Inter-congregational project members share their experience

20/04/2018: Lebanon

The Fratelli project, an inter-congregational project between Marist Brothers and De La Salle Brothers, recently celebrated two and a half years since its foundation.

It looks after Syrian and Iraqi refugee children, as well as Lebanese and Palestinian children in need in two socio-educational centres – one in Bourj Hammoud in greater Beirut and one in Rmeileh, 40km south of the city.

With only a team of seven, the centre at Bourj Hammoud offers school support for around 100 Iraqi children and run a pre-school for children aged 3 – 5. They offer school support for Syrian and Lebanese children in a separate programme and help women and youth with vocational formation to help them find work.

The 20 people who run the centre at Rmeileh help around 600 people – children and families, predominantly Muslim. They offer them school support, a preschool and programmes for youth and adults. They also have cooking, sewing, IT, English and agriculture lessons, as well as sports training for youth.

There are currently seven members in Rmeileh: Marist Brothers Michel Cubeles and Isaac Alonso (Spain); De La Salle Brothers Andrés Porras (Mexico) and Gilbert Ouilabégué (Chad); lay Marists Laura Gonzalvo Calle (Spain) and Bruno Socher (Brazil); lay Lasallian Sara Amarillas (Mexico).

We spoke with three of them, Br Miquel, Br Andrés and Bruno.

Brother Andrés, how did this project begin?

Seven years ago, on March 15, 2011, war broke out in Syria. Since then, thousands of people have died, and millions have had to flee their homes. Four and a half years later, in September 2015, the De La Salle Brothers and the Marist Brothers started the Fratelli Project in Lebanon to attend Syrian and Iraqi refugee children and Lebanese children in need.

Brother Miquel, how does the Fratelli Project respond to the Calls of the General Chapter?

The question we must ask ourselves is whether the Fratelli Project responds to what God wants from us at this time and which kind of people we should serve. I am convinced that with this intention the brothers of the previous General Council, together with the brothers of the General Council of the De La Salle, promoted the Fratelli project, an inter-congregational initiative to respond to the great humanitarian crisis that is lived on the borders, in the peripheries of different parts of the world being faithful to the calls of God. God wants us here in Lebanon, trying to be prophets of mercy and brotherhood with Syrian, Iraqi, Lebanese and Palestinian children and young people... the most vulnerable. The Chapter’s calls are the result of discernment, calls of the Spirit and our daily commitment. We also try to live from God, opening the eyes of our hearts, building bridges with the poorest. The indicators tell us that we are on the right path, that we are close to the calls of the General Chapter, but there are some essential indicators that are not so visible and that nourish the heart; They sustain our person on a day-to-day basis and give meaning to what we do. What are they? We try to grow in our interiority and cultivate spirituality. Through them, we can be wherever He wants and with those who want to live our vocation as brothers and sisters and face the challenges with audacity and joy.

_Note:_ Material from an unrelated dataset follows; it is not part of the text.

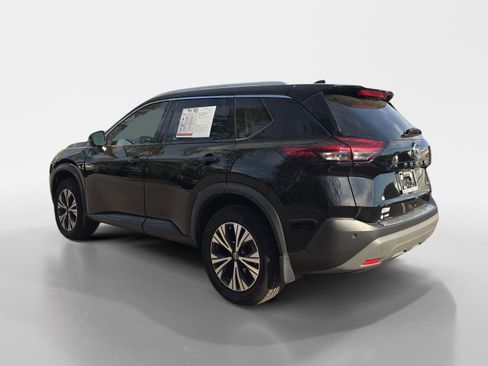 Used 2021 Nissan Rogue SV w/ Premium Package image 3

Bruno, how do you see the laity’s participation in the Marist mission and, especially, in this project?

It’s about sharing the mission in a simple way. Lay and brothers living the mission and working together. We can improve so much when, around the same table, we share our dreams, our skills, our cultures and our vocations. It's not about teaching, it's about learning: learning together, always. I’ve accepted to live in a community just because I believe in the present, in a shared mission! This is even more so in the Fratelli Project because it is an intercultural and inter-congregational community. There, we discover our similarities and grow when we learn from our differences. It is our mission’s present and future.